So I have completed my third week of grad school and it seems that the third week is when things really get rolling. It is more work than I had thought, which might be why so few people - or so I’m told - actually finish a masters degree. As I write this I am actually just taking a quick break from a two day reading bender which I have to return to as soon as I’m done writing this.
Here are some of the things I know now that I didn’t know before:
- I am an exceptionally slow reader.
- It appears my standard workload will be reading two novels a week, reading two or three critical essays (usually relating to those novels), reading and commenting on two or three stories a week for writing workshop, and writing about some or all of that. Somewhere in there I am also supposed to be doing my own fiction writing.
- It is extremely easy to forget to shower and/or forget when you showered last.

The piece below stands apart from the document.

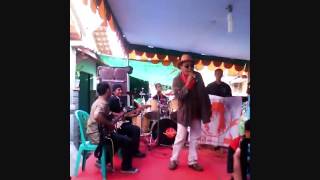 Download lagu Benyamin S - Nangke Lande mp3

- Even if I wasn’t in full-blown hermit mode right now (owing to the facts that I recently moved and recently started school and therefore don’t really know anyone) I would likely still be spending most of my time cooped up alone on account of the reading and writing mentioned above.
- There is a much more complex and strange and insular nature to the social circles of grad students then there was compared to undergrad students.

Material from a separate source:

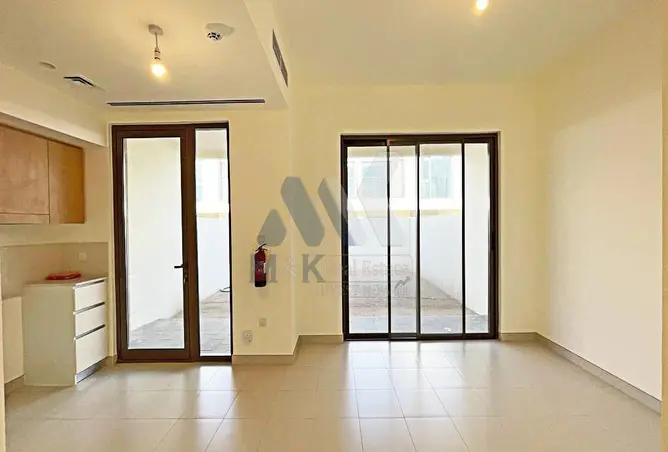 Villa - 3 Bedrooms - 4 Bathrooms for sale in Parkside 1 - EMAAR South - Dubai South (Dubai World Central) - Dubai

- I am drinking massively more water than I ever have before and the cause of that is simply mysterious to me, though it is likely a good thing nonetheless.
- The weirdly stratified and esoterically mysterious structure of the academic world is becoming more clear to me as I am starting to understand the internal logic of things like “conferences” and “presenting a paper” and “doing research” (about what, I’m still curious, does an English major do research?). This is all beginning to appear to me as if out of a mist of obfuscation because I am realizing that: 1) Academia is a tower of Babel that enjoys most having what it already believes repeated back to it, 2) Many - if not most - people in this world have barely a clue what in the hell they are talking about and so have built extremely rigid fortifications and battlements to protect their own interests and selves (I plan to lay siege to these, eventually. I just have to first figure out how.)

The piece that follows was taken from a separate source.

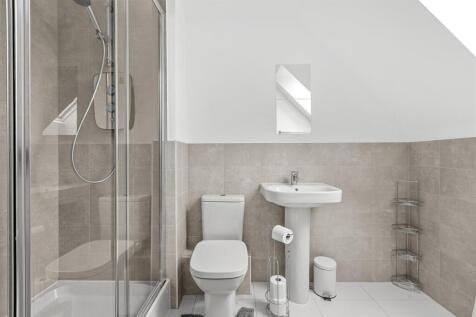 46 Trinity Circle, HP11 1FD-4.jpg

- Most writers are not nearly as good as they think they are (except for me, of course).
- I need to be more clear about the fact I am not bitching about life even though it often sounds like I am bitching like a little girl. My life is quite charmed right now. I get to spend my time reading and writing and learning. I will probably have to find a job soon, which will compact my current life uncomfortably, so I really am taking as much pleasure as I can in my days right now, though it might be hard to tell if you only take my word for it.
- The Rite Aid around the corner has the most illogical pricing I have ever seen in my life, probably owing to the fact that it is right next to a college and somebody at Corporate is counting cards and intentionally inflating or deflating prices on munchies and pregnancy tests.
- The rise of technology in/of the classroom has created a situation where a paper I have to finish for my 4pm Monday class is actually required to be posted to the class website by noon on Sunday, thereby robbing me of an entire day to work on it. I feel like the Grumpy Old Man sketch on Saturday Night Live a million years ago: “Back in MY DAY a paper wasn’t due until it was actually due!”
- I have learned (somewhat) to calm my nerves by reminding myself that I am only three weeks into a program that will likely last two years and that I don’t have to know everything yet and that I am doing okay.
Oh! I also learned that the Millennial generation has a much harder time getting my jokes. I blame this entirely on them.